Conxita Jacobs¹, Eduard Sarró¹, Sonia Caparrós², Carme Cantarell², M. Angeles Montero³, Francisco Moreso², Daniel Serón², Joan López¹, Anna Meseguer¹.

¹Fisiopatologia Renal. CIBBIM-Nanomedicine. Vall d’Hebron Institute of Research; Departments of ²Nephrology and ³Pathology, Vall d’Hebron Hospital; Barcelona, Spain.

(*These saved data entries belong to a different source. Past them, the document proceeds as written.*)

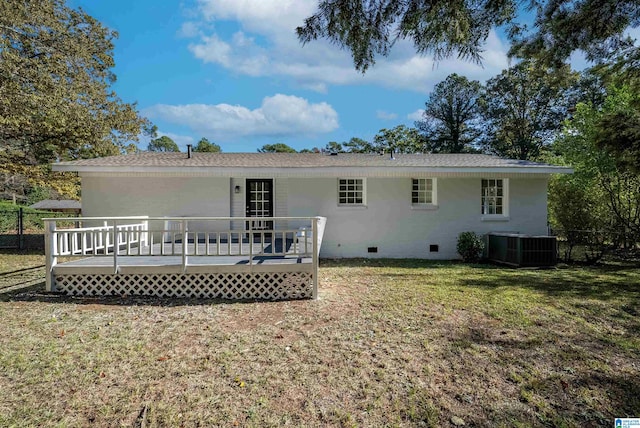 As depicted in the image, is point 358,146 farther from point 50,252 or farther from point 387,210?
point 50,252

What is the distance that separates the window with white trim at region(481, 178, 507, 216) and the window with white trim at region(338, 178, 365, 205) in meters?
3.94

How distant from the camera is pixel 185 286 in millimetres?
6109

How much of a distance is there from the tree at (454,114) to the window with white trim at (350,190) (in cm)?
2496

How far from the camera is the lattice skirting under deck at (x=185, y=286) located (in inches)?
239

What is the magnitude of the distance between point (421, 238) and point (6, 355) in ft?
31.3

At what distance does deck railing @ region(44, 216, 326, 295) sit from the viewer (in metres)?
5.91

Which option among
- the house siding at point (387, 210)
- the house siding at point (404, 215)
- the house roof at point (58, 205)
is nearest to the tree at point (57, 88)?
the house siding at point (387, 210)

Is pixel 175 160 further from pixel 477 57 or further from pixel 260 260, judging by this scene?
pixel 477 57

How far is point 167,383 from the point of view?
3.09m

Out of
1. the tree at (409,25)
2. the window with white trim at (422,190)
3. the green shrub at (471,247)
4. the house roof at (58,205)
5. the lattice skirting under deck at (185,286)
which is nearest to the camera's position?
the tree at (409,25)

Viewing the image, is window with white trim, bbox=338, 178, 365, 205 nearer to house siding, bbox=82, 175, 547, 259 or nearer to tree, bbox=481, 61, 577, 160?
house siding, bbox=82, 175, 547, 259

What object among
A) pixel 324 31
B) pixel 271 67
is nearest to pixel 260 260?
pixel 324 31

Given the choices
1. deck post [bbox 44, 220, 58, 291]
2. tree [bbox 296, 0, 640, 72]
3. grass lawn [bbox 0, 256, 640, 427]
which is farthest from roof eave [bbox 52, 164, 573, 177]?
tree [bbox 296, 0, 640, 72]

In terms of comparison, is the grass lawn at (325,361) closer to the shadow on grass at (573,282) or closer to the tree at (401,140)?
the shadow on grass at (573,282) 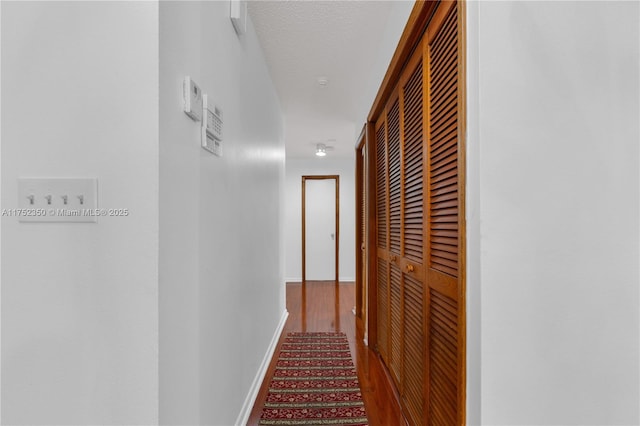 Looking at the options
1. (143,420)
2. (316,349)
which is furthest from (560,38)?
(316,349)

Intrinsic allograft failure continues to be a major problem in kidney transplantation and is responsible for late allograft loss. Although immunological responses remain the leading factor in the pathogenesis of chronic rejection, recent studies have indicated a complexity of findings, including etiologies that are both immune and non-immune. Non immunological factors, such as donor organ quality, initial ischemic injury, calcineurin inhibitor (CNI) toxicity, hypertension, and hyperlipidemia, also contribute to progressive chronic allograft injury. Because there is a need to identify markers of graft failure more sensitive than serum creatinine and it would be helpful to distinghish between different types of injury, our laboratory is currently focused on the identification of new biomarkers that could specifically detect CNI toxicity or hypoxia-related adverse effects, from other noxious effectors on proximal tubular cells. We first focused on defining a proteomic profile in CsA-treated HK-2 proximal tubule cells, to distinguish the direct impact of CsA from overlapping haemodynamically mediated phenomena that occur in an in vivo system. By means of high-throughput differential proteomic analyses and mass spectrometry techniques in CsA and vehicle-treated cells we determined proteins that change their expression in the presence of CsA (Puigmule et al. Nephrol Dial Transplant. 2009; 24(9):2672-86). While these proteins could be used in kidney biopsies, they were no useful as early biomarkers in plasma or urine of trasplanted patients. At present, our work is focused towards identification of secreted proteins in conditioned media of HK-2 cells, treated with CsA and FK506, or exposed to hypoxia, using the same high-throughput differential proteomic approach. Other nephrotoxicants known to induce tubular damage are also used to distinguish specific than general injury biomarkers. Those potential biomarkers would be validated in urine and plasma samples of transplanted patients under anti-calcineurin treatment, before and after transplantation.